Faroe Petroleum revealed today that its Brasse East exploration well in the Norwegian North Sea had not hit oil.
But the Aberdeen-headquartered firm said its appraisal sidetrack on the Brasse field had lived up to expectations.
It follows last month’s disappointment with the Cassidy exploration well offshore Norway.
London-listed Faroe previously said it hoped Brasse East would provide “upside potential” for the Brasse field development.
The company discovered Brasse in 2016 and drilled an appraisal well in 2017. Faroe booked net 2P reserves at 30.7 million barrels of oil equivalent at Brasse in early 2018.
The business says it is on track for first oil from Brasse in 2021-22.
Norwegian firm DNO, which is trying to take over Faroe, has cast doubt on the firm’s ability to deliver Brasse on time and on budget.
The Transocean Arctic rig found that the Brasse East reservoir had “excellent properties, but was found to be water wet”.
But the sidetrack, to northern part of the Brasse field, ran into 40 metres of gross hydrocarbon-bearing Jurassic reservoir.

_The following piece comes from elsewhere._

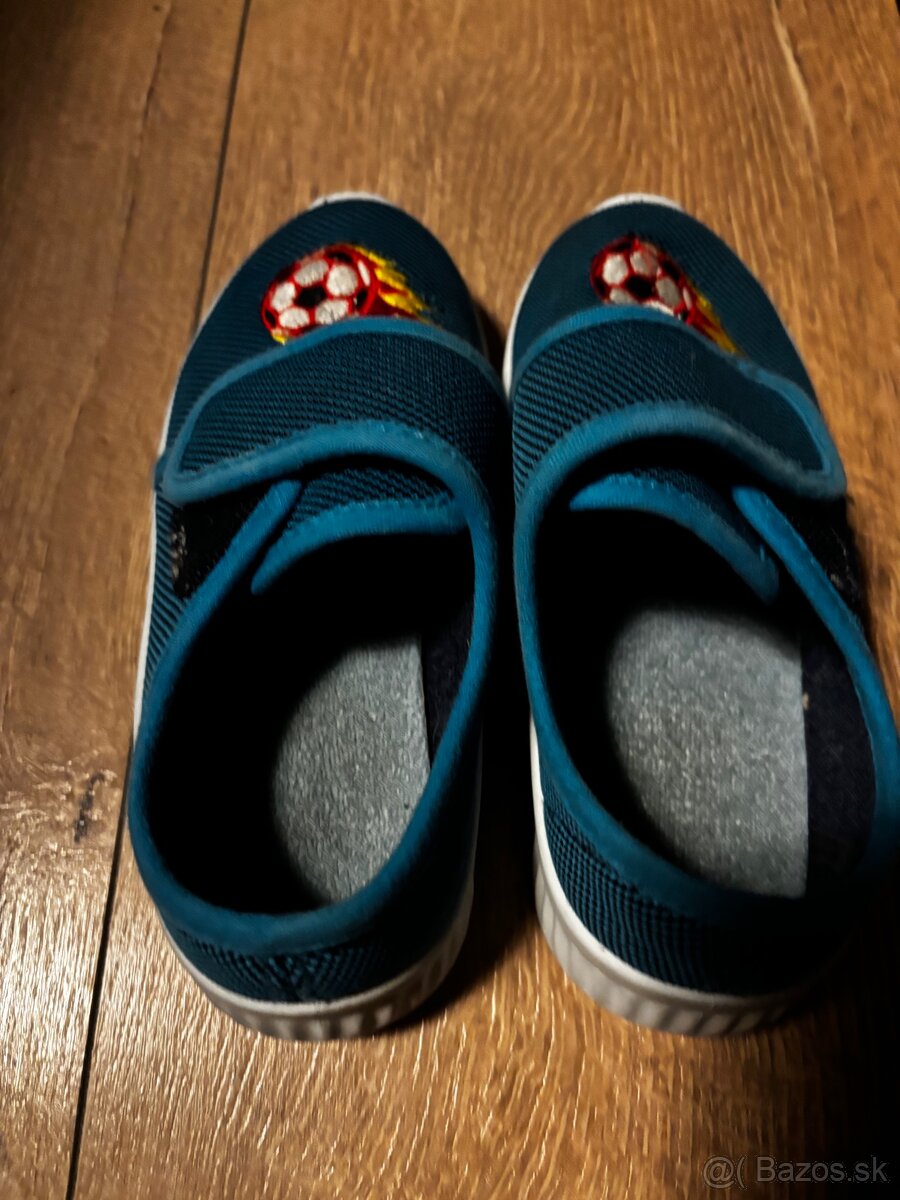 Papučky takmer nenosené velk 26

Further wireline logging is ongoing which will be incorporated into the final well results.
Faroe operates and owns 50% of Brasse, with Var Energi as its partner.
Faroe chief executive Graham Stewart said: “Although no hydrocarbons were present in the Brasse East prospect we are pleased with the results of the appraisal sidetrack which confirms hydrocarbons within the northern part of the Brasse field, as expected.
“In addition, the excellent sand quality in the Brasse East exploration well has reduced the reservoir risk of the Brasse extension exploration prospect located to the north east of the Brasse field.”